SeaBee documentation
This website provides technical documentation for various aspects of the SeaBee workflow.
To learn more about the SeaBee project itself, please visit https://seabee.no/. To explore SeaBee data products, use the SeaBee GeoNode.
1 Overview
A simplified version of the SeaBee data flow is illustrated in Figure 1. Geotagged images from aerial drones are combined with ground control points using orthorectification software to produce georeferenced image mosaics.
Ground-truth data collected in the field are used to aid annotation of the mosaics to create training datasets for machine learning algorithms. These algorithms are applied to generate data products, which are made available via the SeaBee GeoNode.

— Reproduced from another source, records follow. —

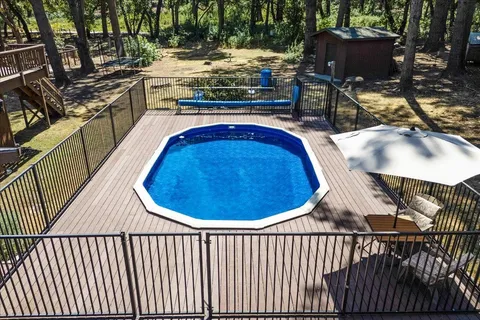 $1,450,000 | 360 Braemoor Drive, Santa Cruz, CA 95060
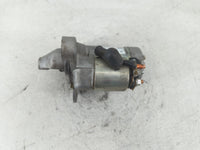 2013-2019 Nissan Sentra Car Starter Motor Solenoid OEM P/N:23300 EN22B Fits Fits 2013 2014 2015 2016 2017 2018 2019 2020 OEM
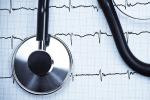 Control del ejercicio físico en pacientes con cardiopatías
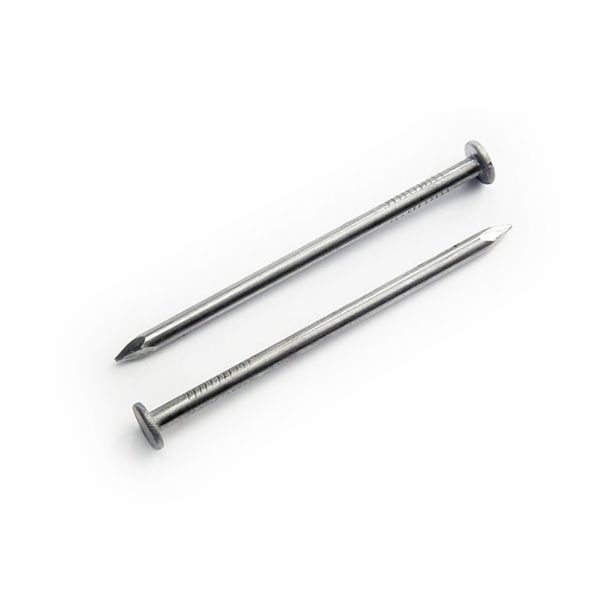 ŽIČNIK KOLARNIK 1.4X25 ZN ZAV=170KOS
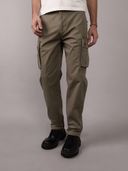 Olive color option, Sold out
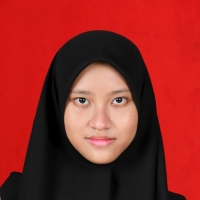 Nia Rizqika Febria Rahma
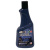 AB-301-BL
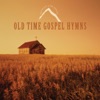 Old Time Gospel Hymns, 1996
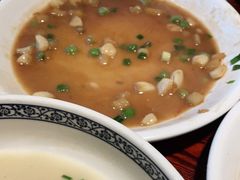 -妈妈菜舟山海鲜(定海古城店)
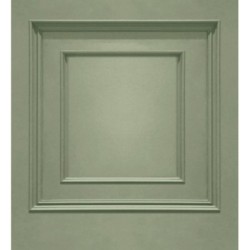 Papel pintado Bristol Ledge 684246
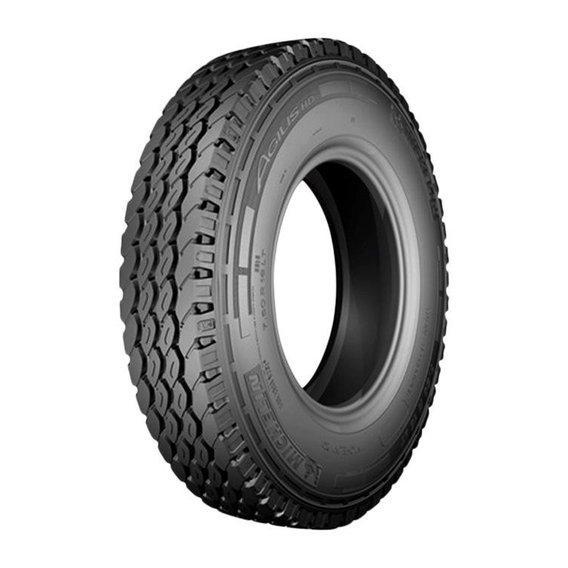 Michelin 7.50 R16 Agilis HD Ban Truk [TYRE ONLY]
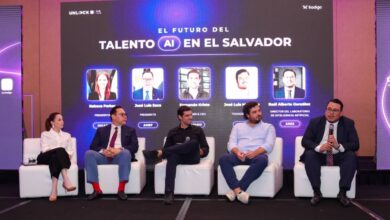Kodigo lanza Unlock 2.0 y apuesta por formar a 10,000 personas hacia 2030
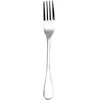Dinner fork, Livia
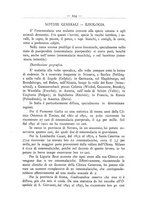 giornale/TO00199718/1912/unico/00000332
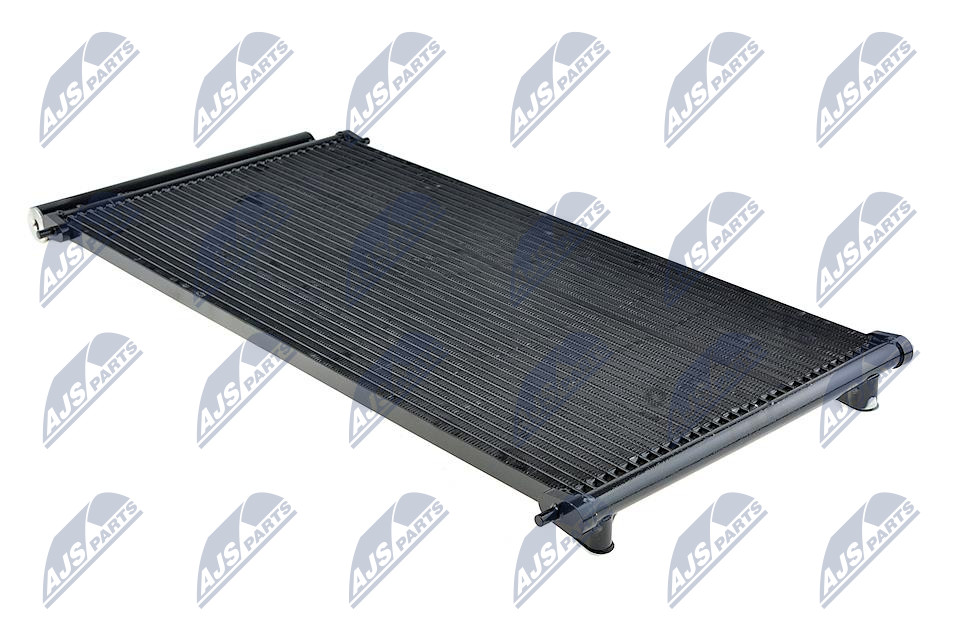 Skraplacz klimatyzacji NTY CCS-TY-021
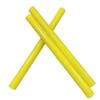 1-Piece Polyurethane Round Rod, 80A, 75 mm × 25 cm view 1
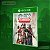 Assassin's Creed Chronicles Trilogy – Xbox One Mídia Digital - Imagem 1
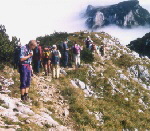 bergtour.jpg (19KByte)
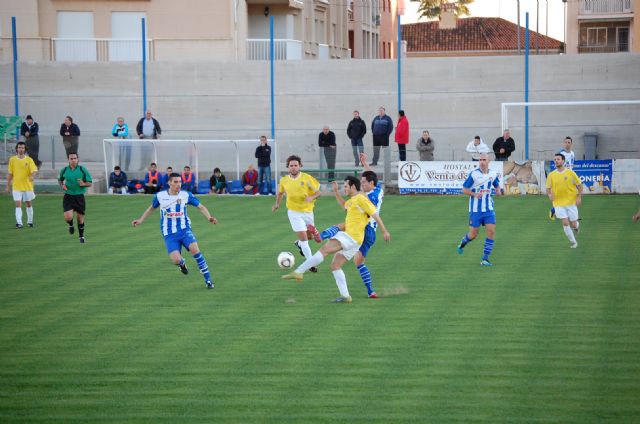 La magia vuelve a el rubial - 3, Foto 3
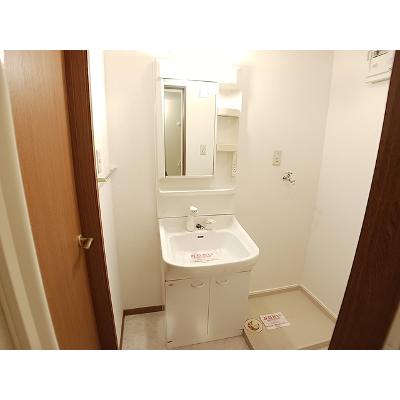 Ｌａ．プラティーヌ 102【管理NO：1-010723801-01020】 ★家具家電は申し込み後に搬入します★の物件写真6
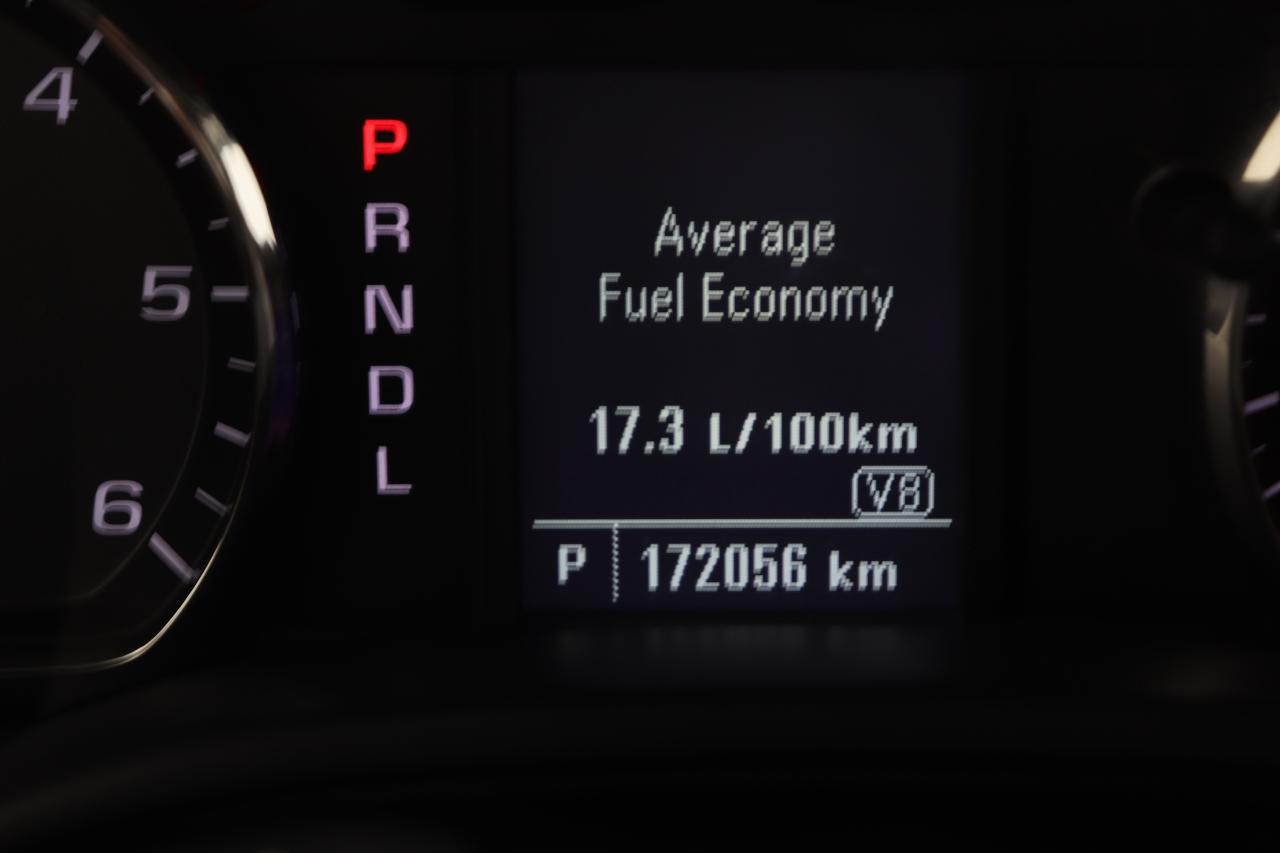 12643350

SeaBee aerial drones are flown with both RGB and multispectral cameras. In addition, the project includes hyperspectral data as well as imagery from other types of drone, such as the Otter (an unmanned surface vehicle).
Typical data products from the machine learning include both image segmentation (e.g. habitat mapping) and object identification (e.g. seabird or mammal counts).
2 Sigma2
Data handling for the SeaBee project is hosted by Sigma2 on NIRD, the National Infrastructure for Research Data. All SeaBee datasets are stored in the Sigma2 data centre at Lefdal Mine in Nordfjord, one of the greenest data centres in Europe. The SeaBee project has its own Kubernetes namespace at Lefdal Mine. A high-level schematic of the current configuration is shown in Figure 2.
SeaBee uses MinIO running on Sigma2 to provide S3-compatible file storage for all SeaBee datasets. Users with MinIO accounts can upload and download data using any S3-compliant software (e.g. Rclone), as well as various web interfaces. On the platform itself, orthorectification is performed using Open Drone Map and NodeODM, while machine learning is implemented using PyTorch.
Finished datasets are uploaded to GeoServer and then published to the SeaBee GeoNode, where users can search, explore and combine SeaBee data products.